As in her earlier works, which exposed the horrifying effects of war on children, including those forced to become child soldiers, without being in any way didactic or sacrificing the art of storytelling, Lowachee has given us a reading experience par excellence - fully realised and compelling characters, a well-developed and intriguing secondary world, and a riveting story. At the same time she makes us think about the questions of power inequities between peoples, and about what history looks like from the perspective of those who have been deprived of their voice by a dominant culture.

One warning - this is the first volume of an intended trilogy, and so Sjenn's story is incomplete and many questions about the workings of the worlds she lives in remain to be answered. I am hoping that Sjenn's people will escape the fate so many indigenous peoples have faced.

for those interested, there is a good review by Jaymee Goh on tor.com.


Jo Walton, Among Others

I suspect that anyone who reads heavily in the science fiction and fantasy genres who has not heard of this amazing book has been living under a rock at the bottom of the sea on Europa for the past year.

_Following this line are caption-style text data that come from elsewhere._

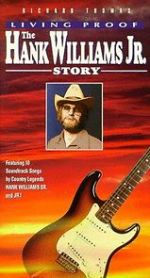 Watch Living Proof: The Hank Williams, Jr. Story Movie25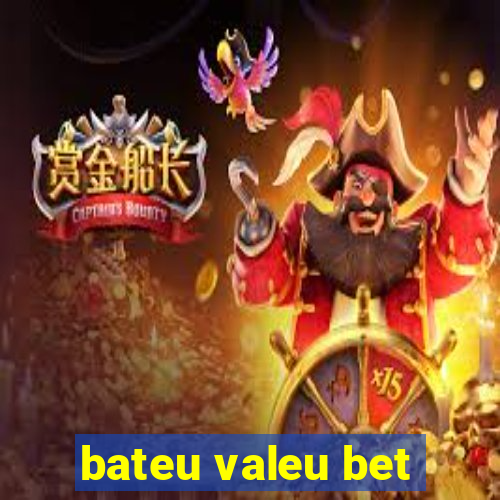 bateu valeu bet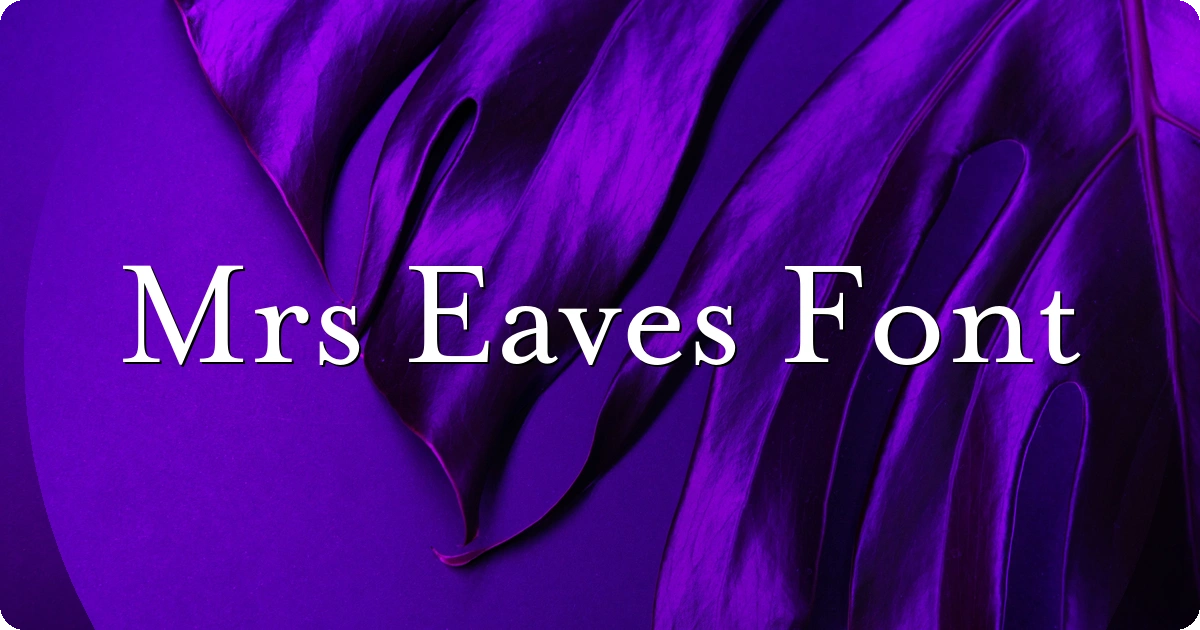 Mrs Eaves Font preview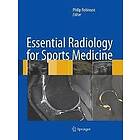 Philip Robinson: Essential Radiology for Sports Medicine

Among Others is told in the format of a personal narrative, the diary of a young girl who has survived traumatic events and has now been taken away from the places and people she knows among her mother's relatives, and placed in the custody of her long-absent father, who promptly sends her to boarding school. The personal, cultural and social gaps between a working class Welsh girl and her mostly upper class English schoolmates, between a withdrawn and bookish girl in love with science fiction and fantasy and the "mundanes" around her, are part of why Mori is constantly "among others." But Mori is also the daughter of a power-mad witch, and she and her twin sister have the power to see the magic and the otherworldly beings that are invisible to most humans - here again Mori is and has long been living among others. (Even further, because the world of humans and the old dwelling places of the fairies are intertwined, it can also be said that human society itself is unknowing conducted among others.)

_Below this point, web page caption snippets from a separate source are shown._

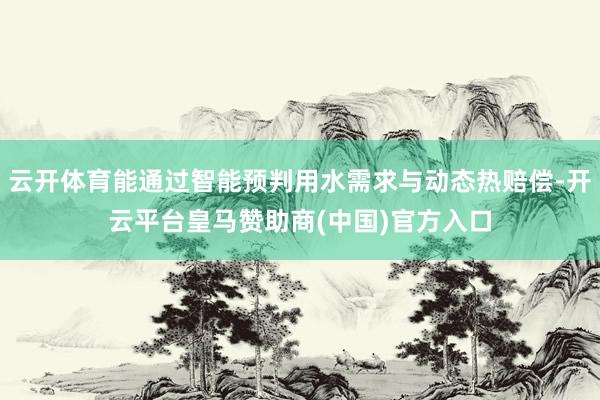 云开体育能通过智能预判用水需求与动态热赔偿-开云平台皇马赞助商(中国)官方入口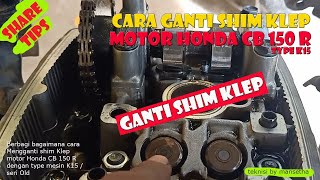 Ganti Shim Klep Motor Honda CB 150 R karena mesin bunyi tek tek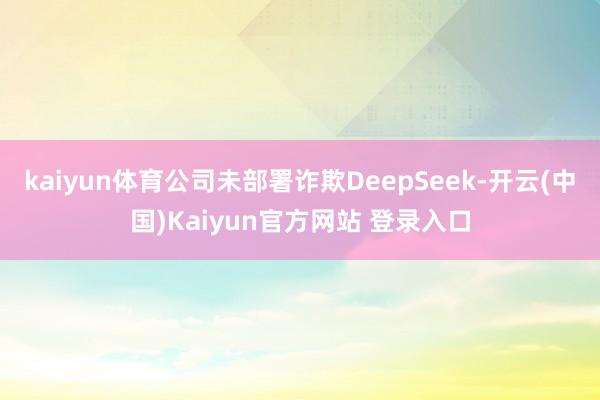 kaiyun体育公司未部署诈欺DeepSeek-开云(中国)Kaiyun官方网站 登录入口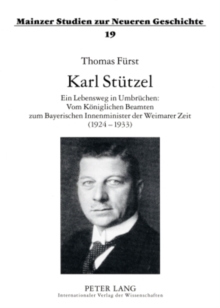 Karl Stuetzel : Ein Lebensweg in Umbruechen: Vom Koeniglichen Beamten Zum Bayerischen Innenminister Der Weimarer Zeit (1924-1933)
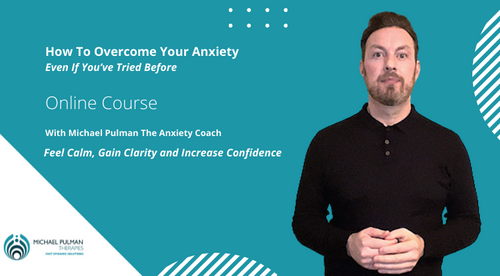 Overcoming Your Anxiety - With Michael Pulman The Anxiety Coach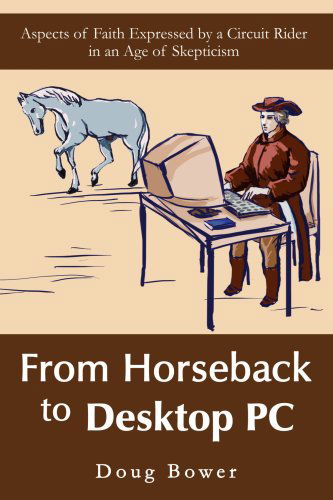Cover for Doug Bower · From Horseback to Desktop Pc: Aspects of Faith Expressed by a Circuit Rider in an Age of Skepticism (Paperback Book) (2007)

This book is so rich on so many levels - it's the story of a young girl growing up, dealing with disability and grief and the consequences of a dysfunctional family. It's about the battle between light and dark, the drive for power-over vs the nurturing of power-together. It's about the nature of perception and the power of belief. About finding one's identity and one's own inner power. About the loss of connection and intention in modern society, about the hollowness of work done without emotional investment. About the callous destruction of nature in the service of yet more sterile progress. About the necessity of magic. It is also, in a marvelously self-referential way, about how alternative fiction feeds the minds and souls of people who want to think about and explore all these things, and more.

I cannot recommend this book highly enough.


Kirill Yeskov, The Last Ringbearer (translated by Yisroel Markov)

And speaking of those who have been deprived of their voice by a dominant culture, this very interesting work turns The Lord of the Rings on its head and tells the story of how a society seeking to move toward scientific enlightenment and democratic rule is almost destroyed by a hidebound culture in which power is limited to the few and progress has been stifled, keeping the people in ignorance and thralldom. Following the maxim that history is told - and usually distorted greatly - by the victors, Yeskov takes as his fulcrum the themes of nature vs, industry and magic vs, science that are woven through The Lord of the Rings and valorises the side that Tolkien demonised. A fascinating look at how changing perspective changes everything.